Several cars were set on fire in Paris and other French cities in the evening during demonstrations involving several thousand people. Unions mobilized workers to briefly block a Paris ring road.
Angry critics, political opponents and unions across France have all lambasted President Emmanuel Macron for his decision to pass the bill raising the retirement age from 62 to 64 through the legislature.
Opposition parties are expected to begin procedures later today for a vote of no confidence in the government led by Prime Minister Elisabeth Borne.
The vote would likely take place early next week.
A barricade burns as protesters block traffic on the Paris ring road in the morning to distribute leaflets against the French government’s pension reform
A cyclist drives past full rubbish bins in Paris’ 2nd arrondissement as garbage collectors strike against pension reform, leaving many of the capital’s streets filled with stinky rubbish
People wave flags of the General Confederation of Trade Unions (CGT) as they block traffic on the Paris ring road
Macron on Thursday ordered Borne to exercise special constitutional power to push the wildly unpopular pensions bill without a vote in the National Assembly, the lower house of France’s parliament.
His calculated risk infuriated opposition lawmakers, many citizens and unions.
The French are deeply attached to maintaining the legal retirement age at 62, which is among the lowest in European countries.
More than eight in 10 people are unhappy with the government’s decision to skip a vote in parliament, and 65% want strikes and protests to continue, according to a Toluna Harris Interactive poll for RTL radio.
On Thursday, thousands of people gathered to protest Thursday at Place de la Concorde, which faces the National Assembly building.
At nightfall, the police charged the demonstrators in waves to clear the square.
Small groups then moved through nearby streets in the chic Champs-Élysées district, setting street fires.
Similar scenes were repeated in many other cities, from Rennes and Nantes in eastern France to Lyon and the southern port city of Marseille, where shop windows and bank facades were smashed, the authorities reported. local French media.
The Eiffel Tower is seen as protesters set fires as clashes take place with riot police during a demonstration against the French government’s plan to raise the legal retirement age
Protesters set fires as clashes take place with riot police during a demonstration against plans to raise the retirement age
The demonstration in Paris takes place at Place de la Concorde, following the use of Article 49.3 to validate the government’s pension reform
Protesters sing against the French government during demonstrations in Place de la Concorde
Clashes take place during a demonstration against the French government’s plan to raise the legal retirement age in Paris
French Interior Minister Gérald Darmanin told RTL radio on Friday that 310 people had been arrested overnight. A total of 258 of the arrests took place in Paris, according to Darmanin.

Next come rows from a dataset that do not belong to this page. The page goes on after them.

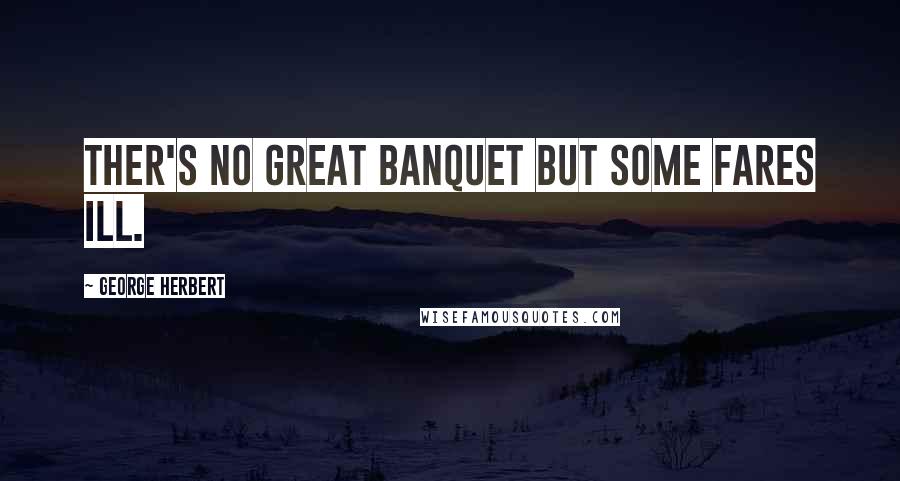 George Herbert Quotes: Ther's no great banquet but some fares ill.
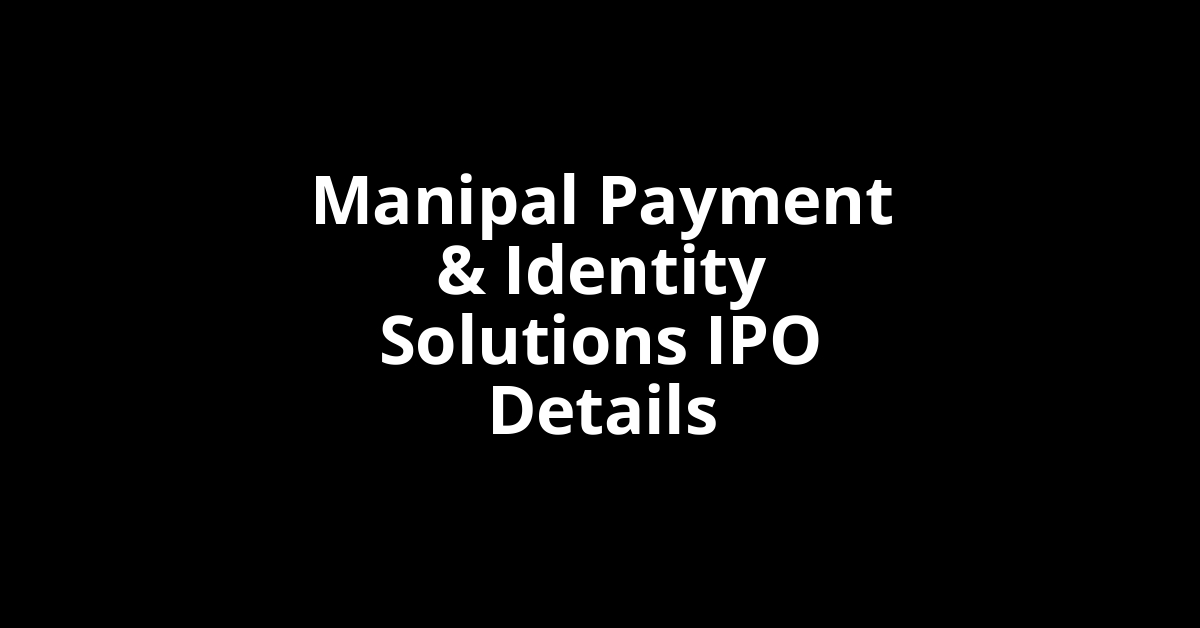 Manipal Payment & Identity Solutions IPO Date, Review, Price, Allotment Details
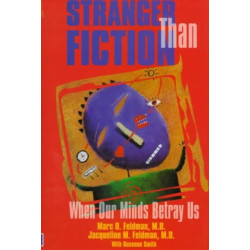 Stranger Than Fiction: When Our Minds Betray Us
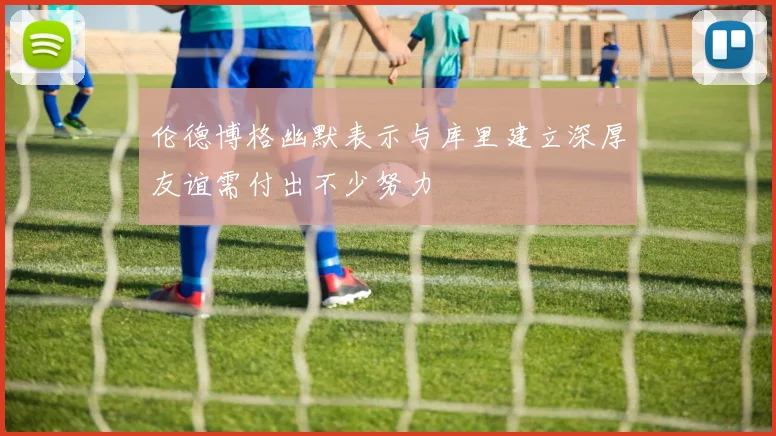 伦德博格幽默表示与库里建立深厚友谊需付出不少努力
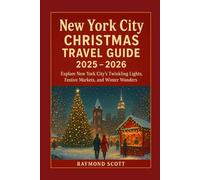New York City Christmas Travel Guide 2025 - 2026: Explore New York City’s Twinkling Lights, Festive Markets, and Winter Wonders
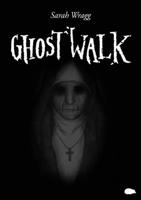 Ghost Walk 1913499421 Book Cover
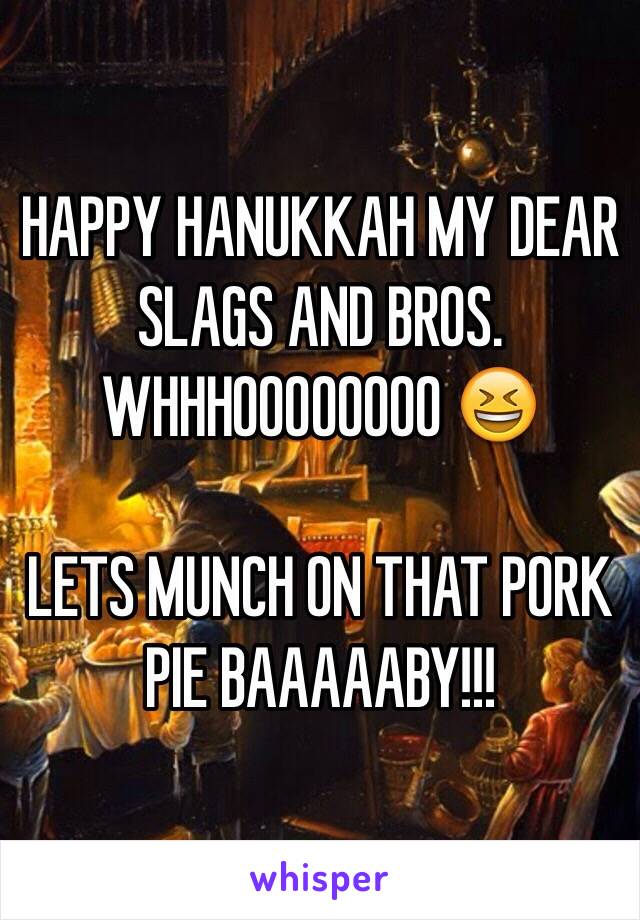 HAPPY HANUKKAH MY DEAR SLAGS AND BROS. 
WHHHOOOOOOOO 😆

LETS MUNCH ON THAT PORK PIE BAAAAABY!!!  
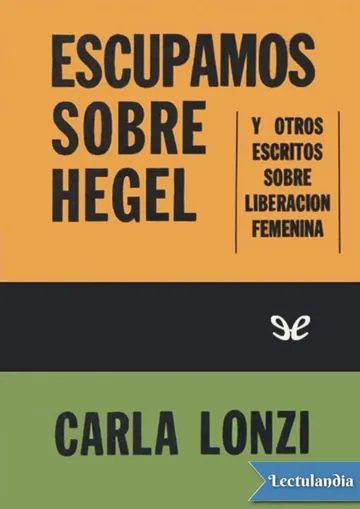 Escupamos sobre Hegel de Carla Lonzi, portada del libro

Unions that had staged strikes and marches against an increase in the retirement age said more rallies and protest marches would take place in the coming days.

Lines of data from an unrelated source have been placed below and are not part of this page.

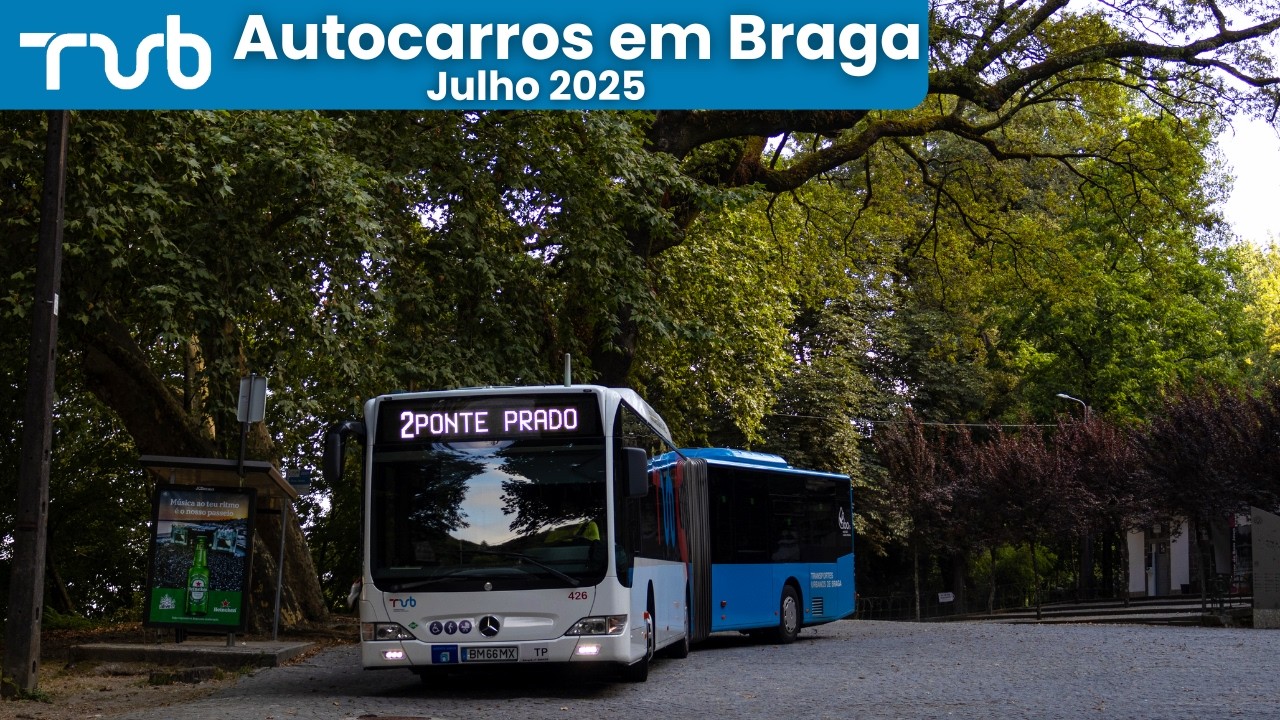 Autocarros em Braga - Julho 2025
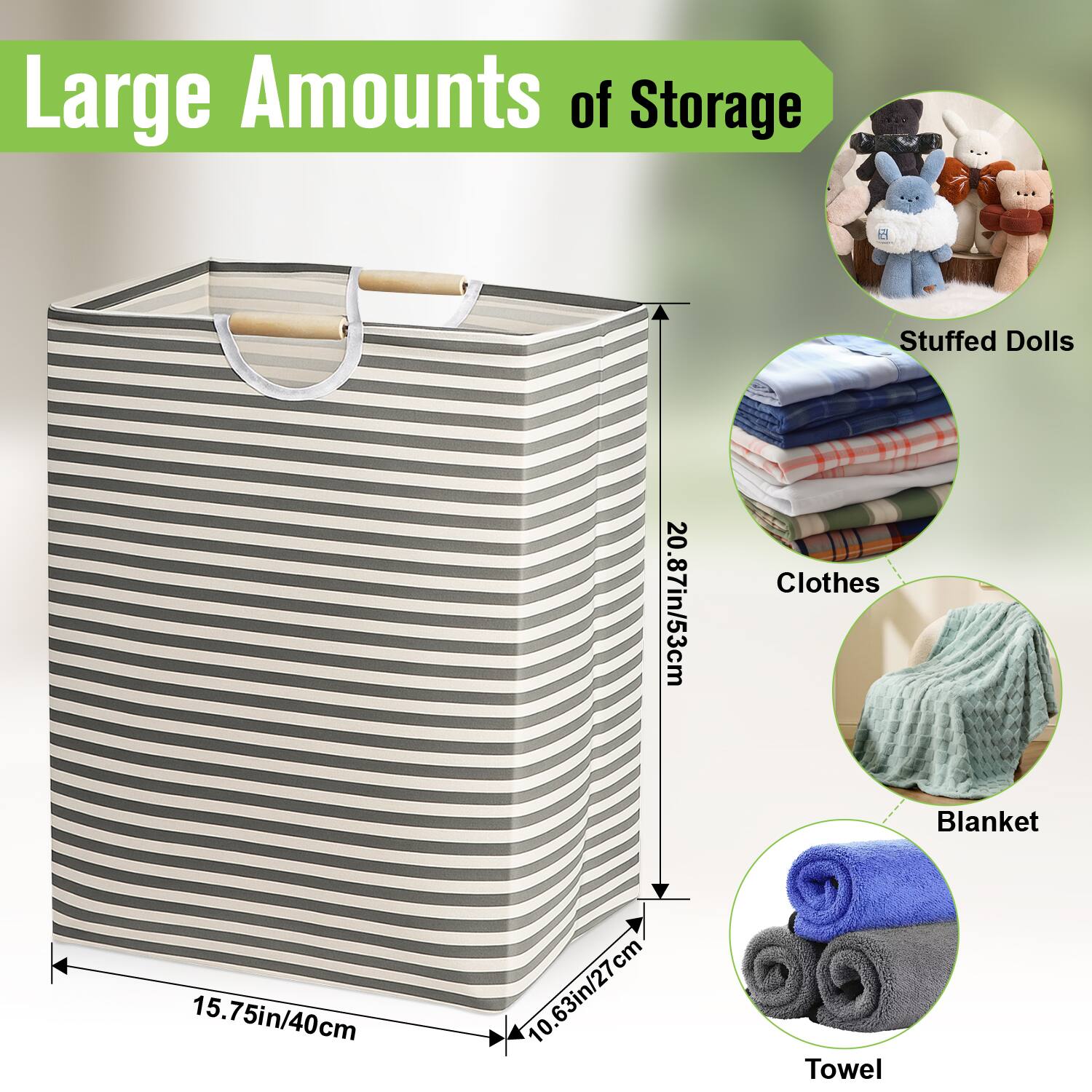 Large Amounts of Storage  
Stuffed Dolls 20.87in/53cm  
Clothes 15.75in/40cm  
Blanket 10.63in/27cm  
Towel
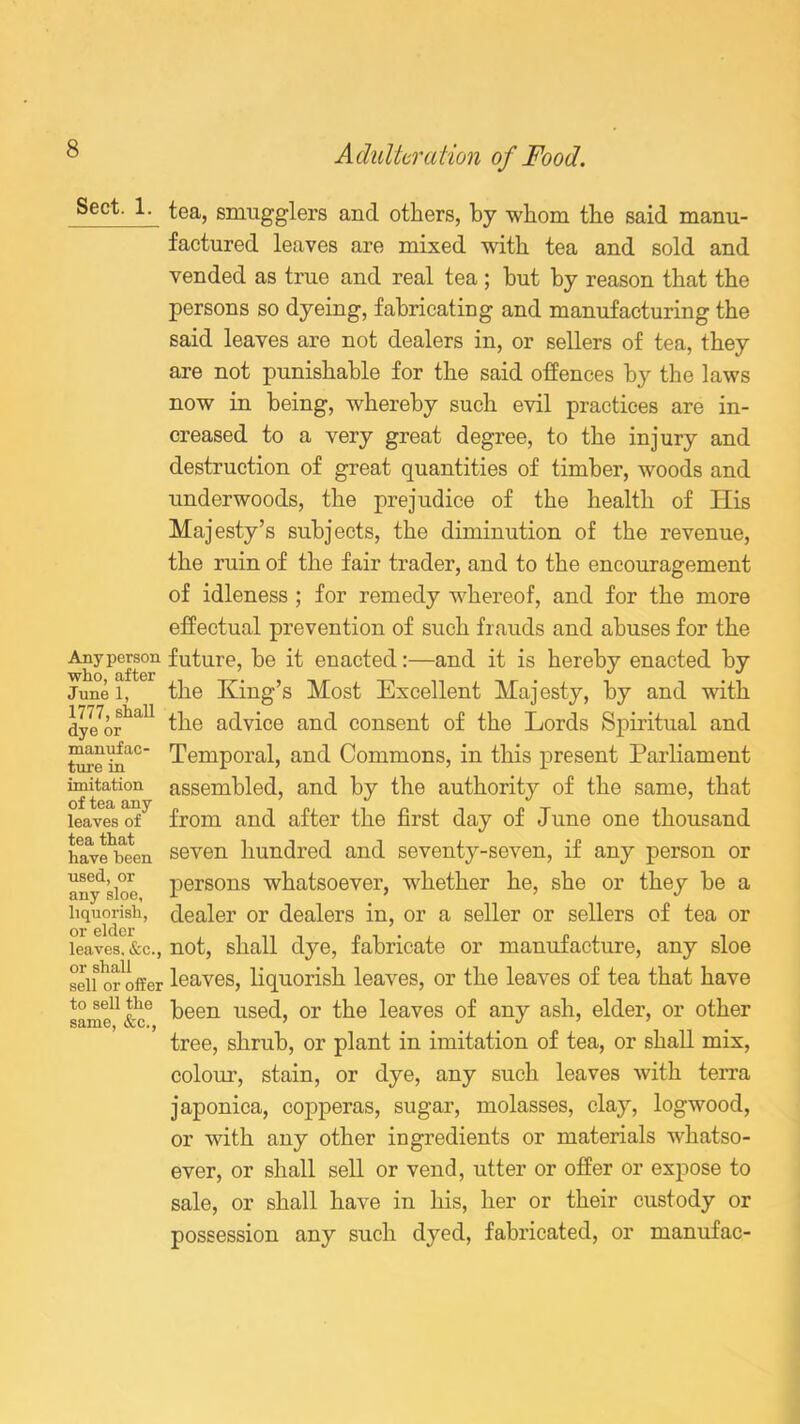 ^ect: A'_ ^ea, smugglers and others, by whom the said manu- factured leaves are mixed with tea and sold and vended as true and real tea; hut by reason that the persons so dyeing, fabricating and manufacturing the said leaves are not dealers in, or sellers of tea, they are not punishable for the said offences by the laws now in being, whereby such evil practices are in- creased to a very great degree, to the injury and destruction of great quantities of timber, woods and underwoods, the prejudice of the health of His Majesty’s subjects, the diminution of the revenue, the ruin of the fair trader, and to the encouragement of idleness ; for remedy whereof, and for the more effectual prevention of such frauds and abuses for the Any person future, be it enacted:—and it is hereby enacted by June i, the King’s Most Excellent Majesty, by and with dye7orhaU the advice and consent of the Lords Spiritual and toe ina° Temporal, and Commons, in this present Parliament imitation assembled, and by the authority of the same, that leaves of7 from and after the first day of June one thousand have^bcen seven hundred and seventy-seven, if any person or any^sioo persons whatsoever, whether he, she or they be a liquorish, dealer or dealers in, or a seller or sellers of tea or or elder leaves, &c., not, shall clye, fabricate or manufacture, any sloe seif or'offer leaves, liquorish leaves, or the leaves of tea that have to sell the peen used, or the leaves of any ash, elder, or other tree, shrub, or plant in imitation of tea, or shall mix, colour, stain, or dye, any such leaves with terra japonica, copperas, sugar, molasses, clay, logwood, or with any other ingredients or materials whatso- ever, or shall sell or vend, utter or offer or expose to sale, or shall have in his, her or their custody or possession any such dyed, fabricated, or manufac-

“This pension reform is brutal, unfair, unjustified for the working world,” they said.
Macron has made proposed changes to pensions the top priority of his second term, arguing that reform is needed to make the French economy more competitive and prevent the pension system from sliding into deficit. France, like many wealthy countries, faces lower birth rates and longer life expectancies.

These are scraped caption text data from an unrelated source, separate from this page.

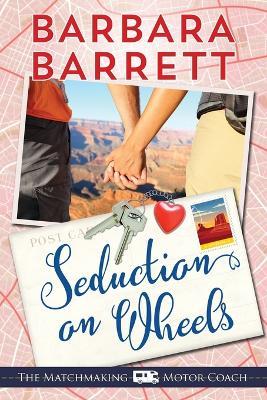 Seduction on Wheels - Barbara Barrett - cover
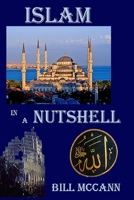 Islam in a Nutshell 1701840790 Book Cover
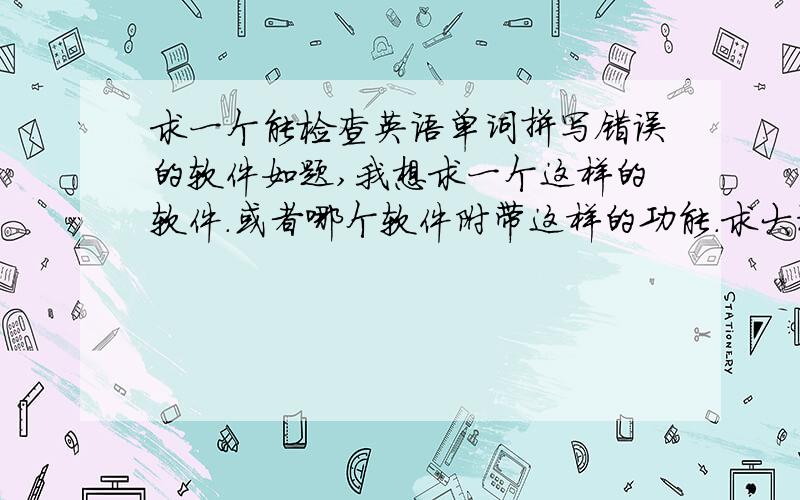 求一个能检查英语单词拼写错误的软件如题,我想求一个这样的软件.或者哪个软件附带这样的功能.求大神指教.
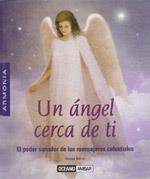 ANGEL CERCA DE TI, UN. EL PODER SANADOR DE LOS MENSAJEROS CE | 9788475564425 | BELTRAN, OMAIRA | Llibreria Drac - Llibreria d'Olot | Comprar llibres en català i castellà online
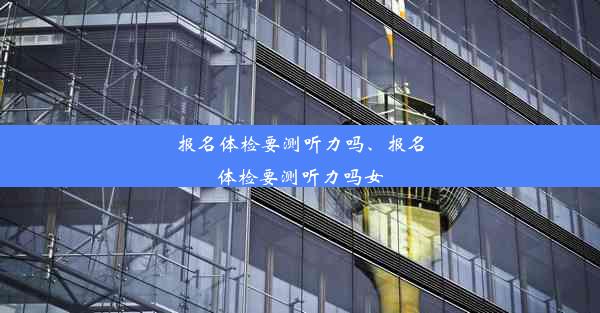 报名体检要测听力吗、报名体检要测听力吗女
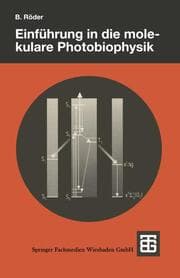 Cover von Einführung in die molekulare Photobiophysik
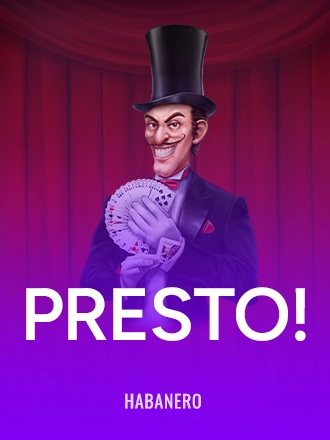 Presto!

Macron decided to invoke the special power during a Cabinet meeting minutes before a scheduled vote in the National Assembly, where the legislation had no guarantee of winning majority support. The Senate passed the bill earlier Thursday.
Demonstrators take part in a demonstration against the French government’s plan to raise the legal retirement age
Protesters set fires as clashes take place with riot police during a demonstration
Riot police advance as clashes take place at a protest in Paris last night
CGT trade unionists light flares on the ring road as they block traffic in protest
Opposition MPs called on the government to step down. If the expected motion of no confidence is adopted, which requires the approval of more than half of the Assembly, it would be a first since 1962 and would force the government to resign. It would also mean the end of Macron’s pension reform plan.
Macron could renew Borne if he wishes, and a new Cabinet would be appointed. If the motion is not accepted, the Pension Bill will be deemed passed.
Addressing the protests, hard left leader Jean-Luc Mélenchon said: “Something fundamental happened, and that is that, immediately, spontaneous mobilizations took place all over the country.”
“It goes without saying that I encourage them, I think that’s where it’s at.”